[What to produce]
Could you retype the records word for word but without any pictures?

Saved data entries
=== Section Start ===
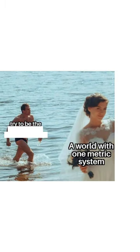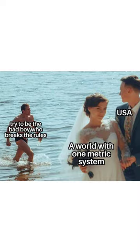A world with one metric system, try to be the bad boy who breaks the rules, USA.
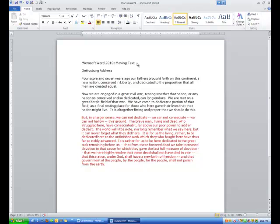Hi ladies and gentlemen, this is Tony Holowitz and I want to talk to you about moving text in Microsoft Word 2010. What I've done is I've taken this last paragraph and I've made it the color red because I just want it to stick out a little bit. Let's say that I decide that I want to move this paragraph up here in front of the second paragraph.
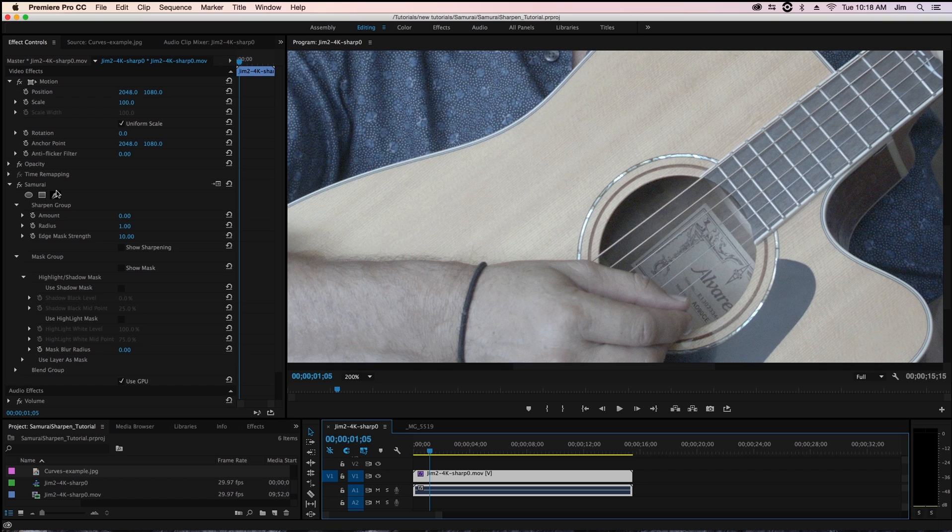Welcome to another Digital Anarchy tutorial. I'm Tor Olson, software QA here at Digital Anarchy.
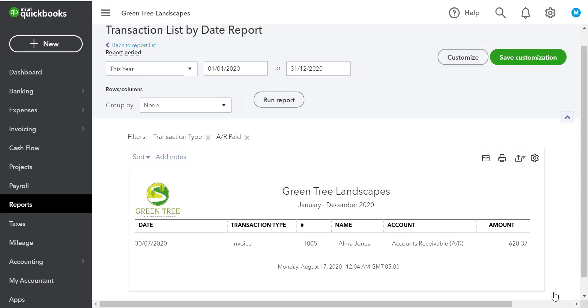And QuickBooks provides us with a very simple report of the outstanding invoices for this year. Although there's very little information, QuickBooks has done its job to filter out all information except for what we wanted. That's how you would customize a report to find detailed information in QuickBooks.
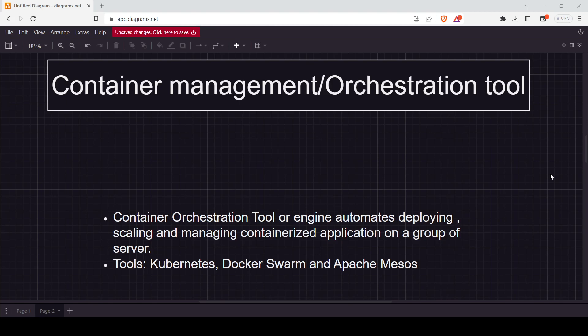The key point is: whatever containers are created by the developer, to manage those containers or images we require Kubernetes. This is the reason it came into role — to manage containerized applications. Later we will see how it manages them, what concepts are required, and everything we will cover in this video.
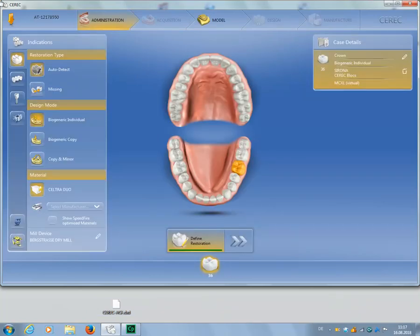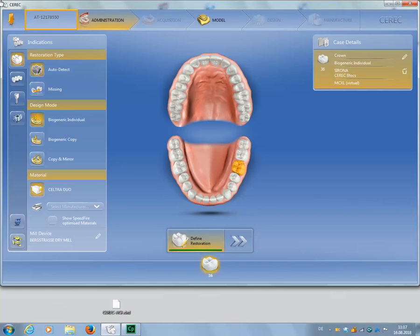Now the case is opened, but it hasn't been saved yet. The patient name of the imported CEREC file is always displayed with the abbreviation AT, followed by the case number. In the Case Details window, we check the restoration type first, then the design mode.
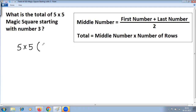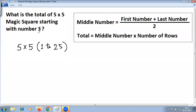The default starting number is one if it is not given — you have to consider the starting number as one. The last number is obtained by multiplying five by five, which is 25. So for a five-by-five magic square, the default first number is one and the last number is 25. But the question says we want a total where it starts with number three, not one.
=== Section End ===
[Task answer]
A world with one metric system, try to be the bad boy who breaks the rules, USA.
Hi ladies and gentlemen, this is Tony Holowitz and I want to talk to you about moving text in Microsoft Word 2010. What I've done is I've taken this last paragraph and I've made it the color red because I just want it to stick out a little bit. Let's say that I decide that I want to move this paragraph up here in front of the second paragraph.
Welcome to another Digital Anarchy tutorial. I'm Tor Olson, software QA here at Digital Anarchy.
And QuickBooks provides us with a very simple report of the outstanding invoices for this year. Although there's very little information, QuickBooks has done its job to filter out all information except for what we wanted. That's how you would customize a report to find detailed information in QuickBooks.
The key point is: whatever containers are created by the developer, to manage those containers or images we require Kubernetes. This is the reason it came into role — to manage containerized applications. Later we will see how it manages them, what concepts are required, and everything we will cover in this video.
Now the case is opened, but it hasn't been saved yet. The patient name of the imported CEREC file is always displayed with the abbreviation AT, followed by the case number. In the Case Details window, we check the restoration type first, then the design mode.
The default starting number is one if it is not given — you have to consider the starting number as one. The last number is obtained by multiplying five by five, which is 25. So for a five-by-five magic square, the default first number is one and the last number is 25. But the question says we want a total where it starts with number three, not one.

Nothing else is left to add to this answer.